_THE TASK:_ For this exercise, output the entries below exactly from the line that holds "KLX230R Обтекатели" to the line that holds "Oxford Primary Illustrated Thesaurus", both ends included. No pictures belong in the copy.

_SUPPLIED MATERIAL:_

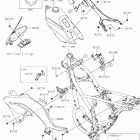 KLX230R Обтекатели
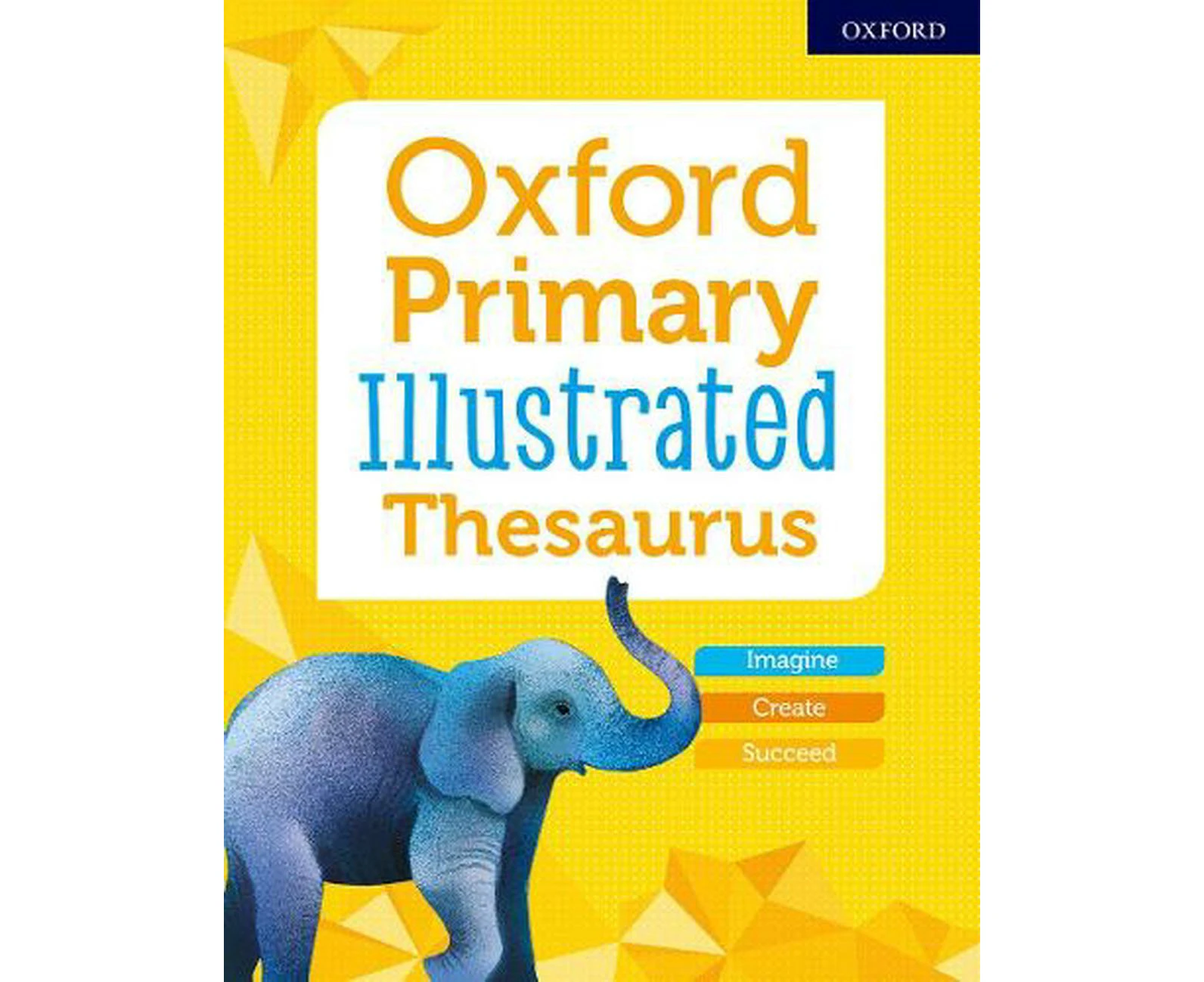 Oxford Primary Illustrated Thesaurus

==

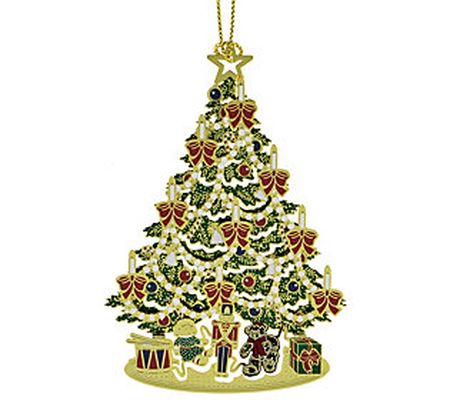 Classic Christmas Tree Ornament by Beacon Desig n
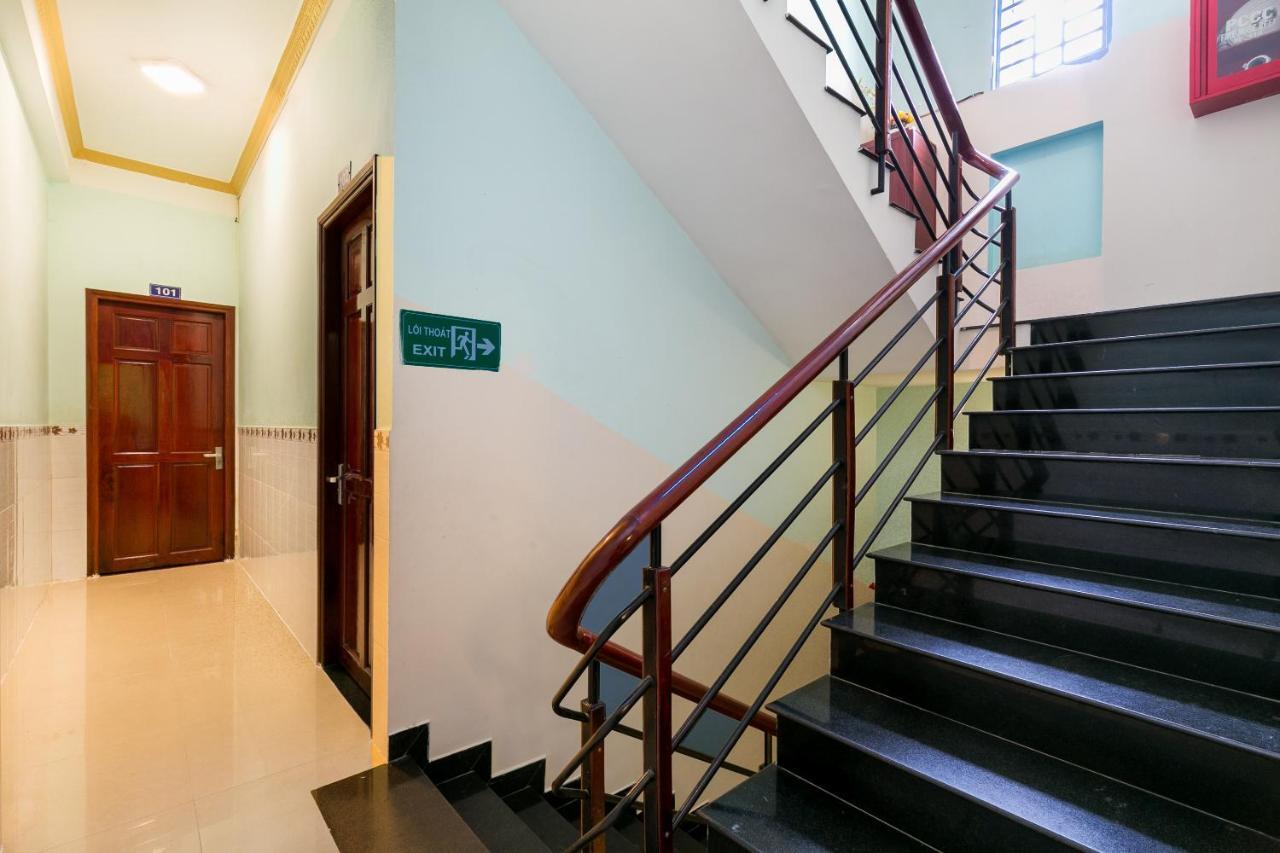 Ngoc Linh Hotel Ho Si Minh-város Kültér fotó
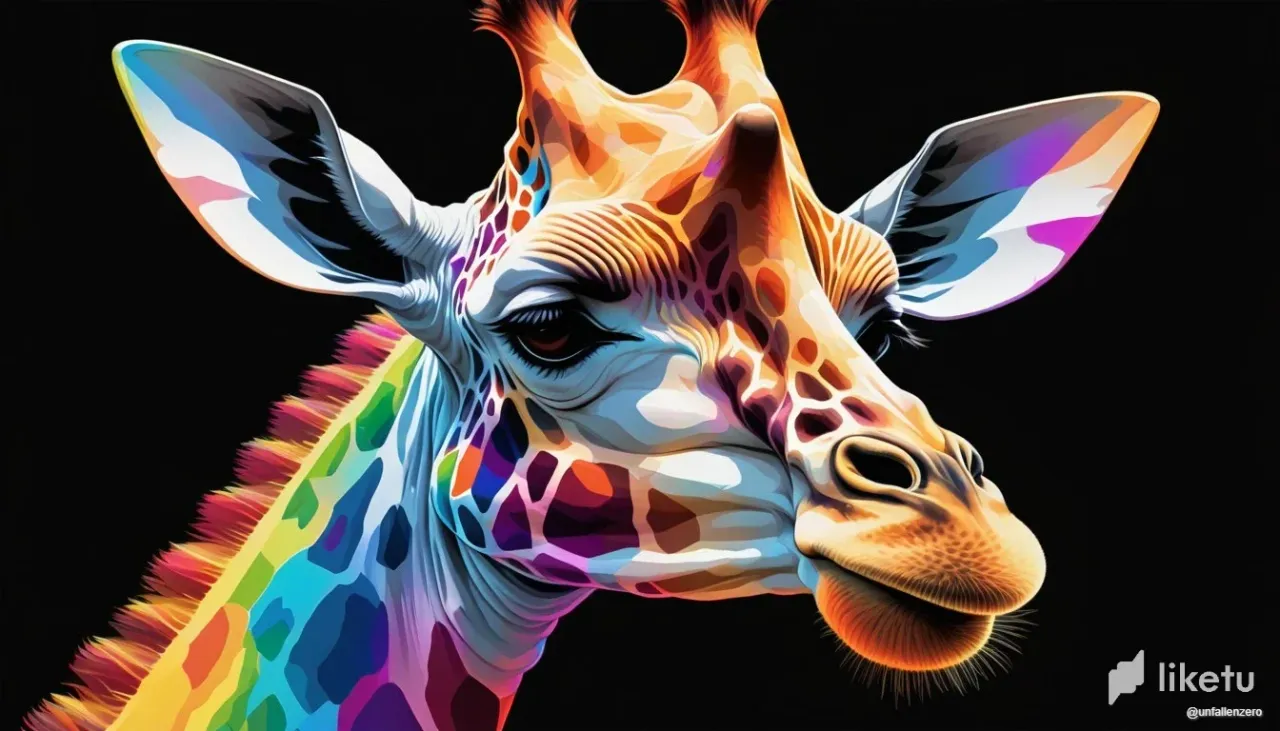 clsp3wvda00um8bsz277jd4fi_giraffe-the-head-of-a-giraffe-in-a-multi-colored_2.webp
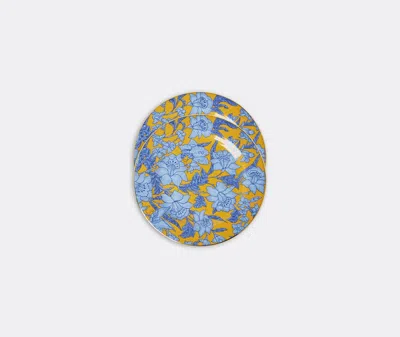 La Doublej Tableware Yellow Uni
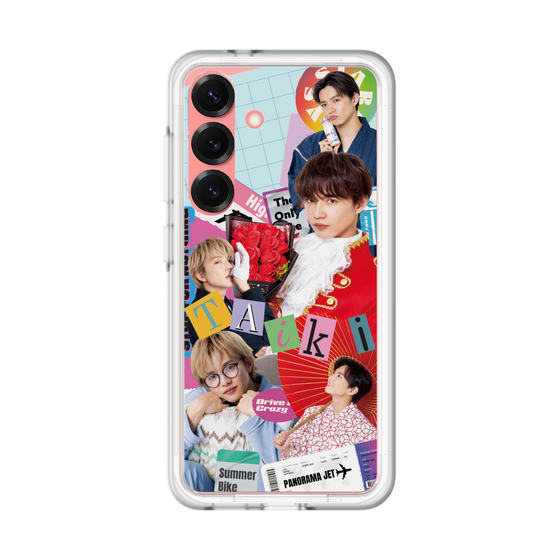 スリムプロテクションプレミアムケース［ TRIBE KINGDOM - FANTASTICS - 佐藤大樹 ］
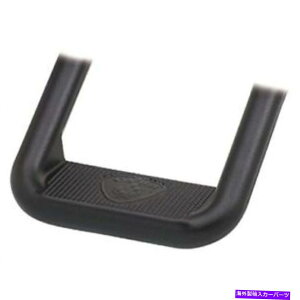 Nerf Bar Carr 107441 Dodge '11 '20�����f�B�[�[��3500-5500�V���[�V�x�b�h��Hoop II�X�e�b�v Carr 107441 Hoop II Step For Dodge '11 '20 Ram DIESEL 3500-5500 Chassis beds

_OUTPUT BELOW:_
 KLX230R Обтекатели
 Oxford Primary Illustrated Thesaurus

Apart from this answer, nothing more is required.